Deputy Austreberto Gonzalez sued L.A. County last year, alleging that after he anonymously reported the alleged assault by a member of what he called “a deputy gang” on another deputy, members of the alleged gang retaliated on him in several ways, including forcing him to respond to an excessive amount of calls for service. Gonzalez also claimed he was pushed out of his field training officer position.
Gonzalez “has no direct evidence of a causal link between any theoretical protected activity and his alleged loss of a trainee,” Judge William Fahey wrote in an 11-page ruling, in which the judge concluded Gonzalez had not been subjected “to an adverse employment action.” He also said Gonzalez had given contradicting statements about a transfer to another assignment.
The decision to toss the case came after Fahey in April scaled back its scope, allowing the deputy to claim only that he had reported a fight between two deputies and was then subjected to retaliation. The judge banned Gonzalez from introducing any evidence regarding the other deputies’ alleged involvement in the Executioners, a group of deputies in the sheriff’s Compton station, his attorney Alan Romero said.
Romero said Fahey’s refusal “to permit discovery with respect to The Executioners gang,” coupled with the lawsuit’s dismissal, amounted to a “cover-up.”

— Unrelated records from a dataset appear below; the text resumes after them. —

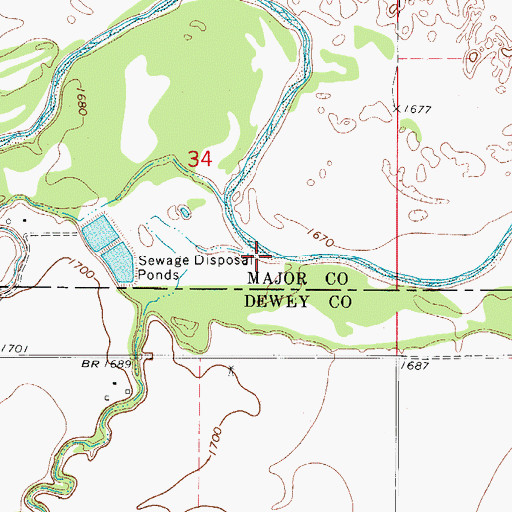 Topographic Map of Cheyenne Creek, OK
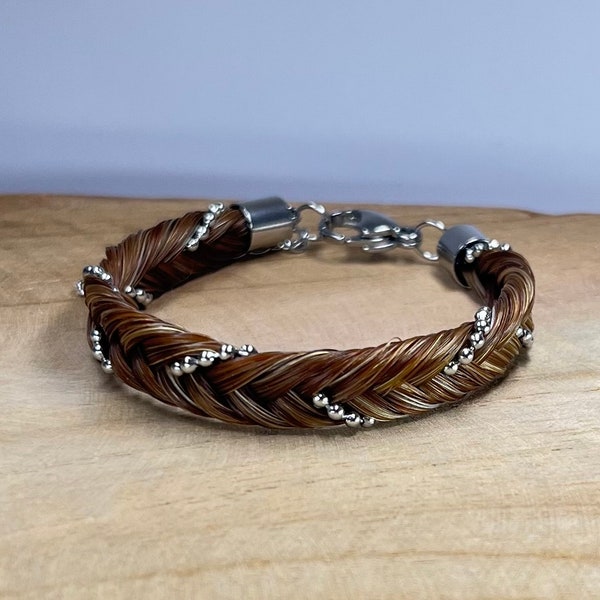 Horsehair tail hair herringbone bracelet with stainless steel chain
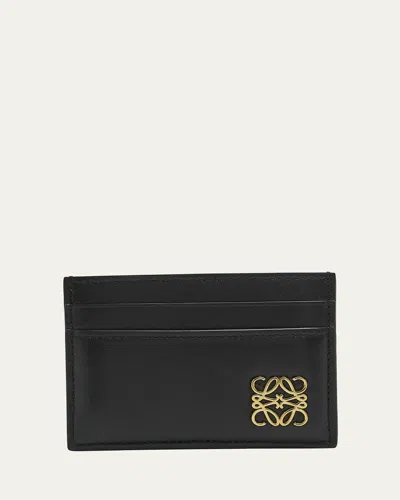 Loewe Anagrame Puffer Card Holder In Leather In Black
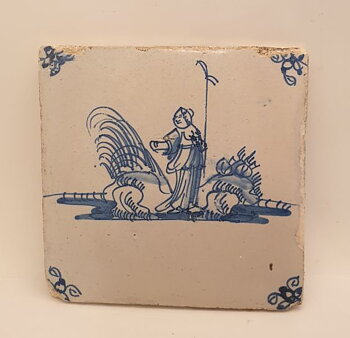 Delft tile white blue 18th century landscape with figure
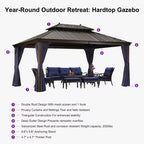 11 Ft. X 15 Ft. Bronze Patio Outdoor Gazebo for Backyard Hardtop Aluminum Frame, Hooks Netting Blue Curtain 24-Lights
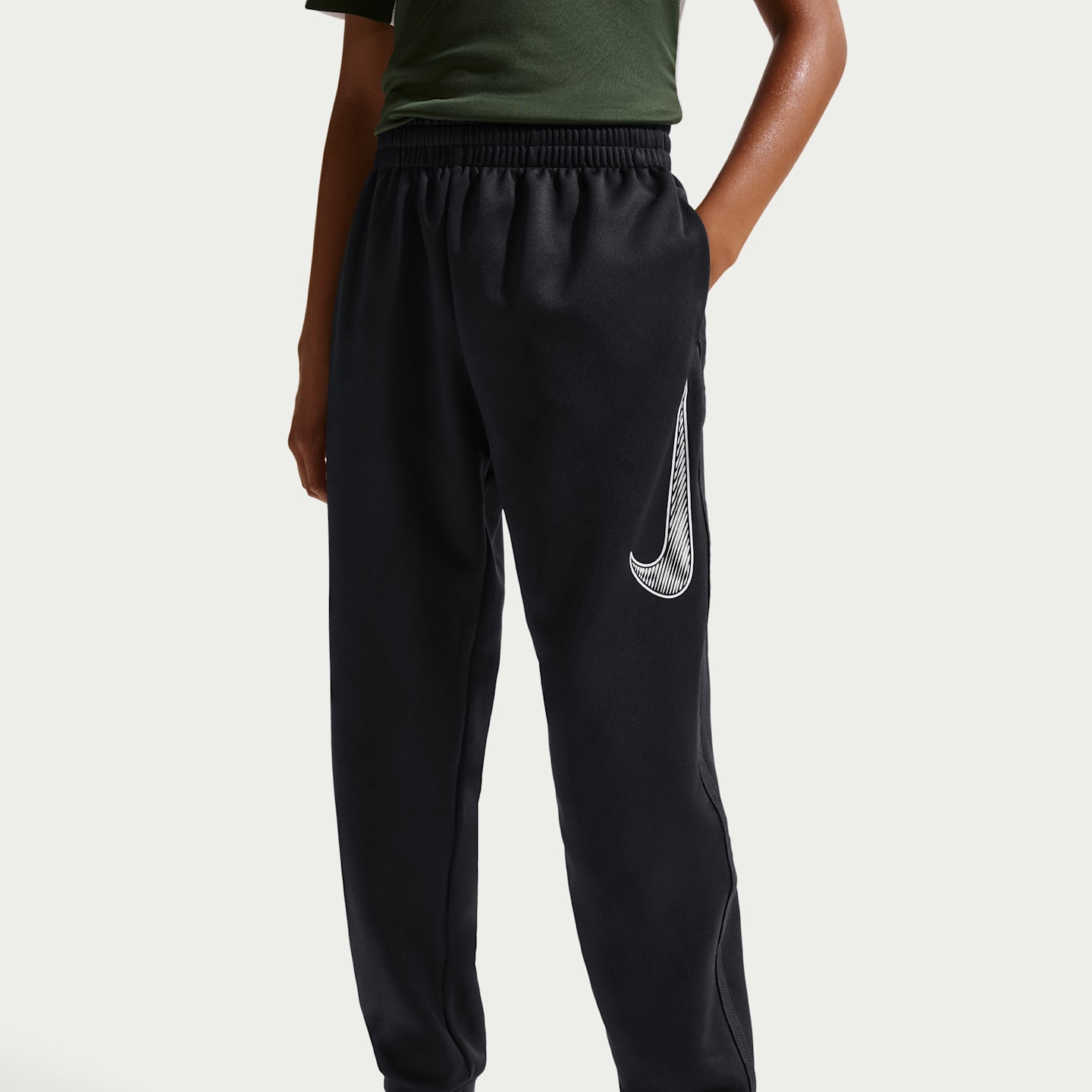Брюки Nike Multi Knit Training для мальчиков, цвет: Чёрный / Белый — фото 2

“We are highly confident that the Court of Appeals will reverse and allow discovery into the deputy gang that Gonzalez blew the whistle on,” Romero said in a statement.
After he filed a legal claim last year, Gonzalez testified in an unrelated federal civil rights lawsuit about the alleged activities of the Executioners. In a deposition, he testified that the tattooed deputies in the group have a stronghold over the Compton station and have committed an array of abuses, including fabricating stories about seeing crime suspects carrying guns.
Gonzalez said in the deposition that about 15 to 20 deputies are members of the Executioners, and that others are prospective members who are “chasing ink” — a reference to the matching skull tattoos that members are allowed to get. Most members and prospects, he said, have been involved in high-profile shootings or beatings. Gonzalez said that after a shooting, members will have a party at a bar and call it a “998 debrief,” after the radio code deputies use when reporting they’ve been in a shooting.
Sheriff Alex Villanueva, who has said claims from inside and outside the department about the prevalence and danger of gang-like deputy groups are overblown, released a statement Friday saying Gonzalez is not a credible source.
“The unproven allegations in this case alleging ‘deputy gangs’ by Mr. Gonzalez have been used as the primary basis for attacks on the Department by some members of the Board of Supervisors, a former member of the Board of Supervisors (who has been indicted for public corruption), the Office of the Inspector General, the Civilian Oversight Commission, other elected officials, and the media,” Villanueva said.
The sheriff added that Gonzalez is on paid leave and implied he had been sidelined for being dishonest.
Saying he was “deeply concerned” that Gonzalez “may have supplied incomplete or misleading information to the legal system,” Villanueva added that “appropriate measures will be taken so that we continue to assure our communities deputy sheriffs can, and must, be trusted.”
Romero, however, said Gonzalez is on unpaid disability leave because of work-related stress.
Not all of the allegations Gonzalez made about the Executioners in the federal lawsuit were included in his retaliation lawsuit and, so, were not taken into account by the judge when he tossed out the case.
The Sheriff’s Department has not responded to repeated inquiries from The Times about the outcome of its internal investigation into the Executioners, other than to deny that deputies hold tattoo parties after shootings. Such shootings, a department spokesperson said in a statement, “are very traumatic incidents to all parties involved.”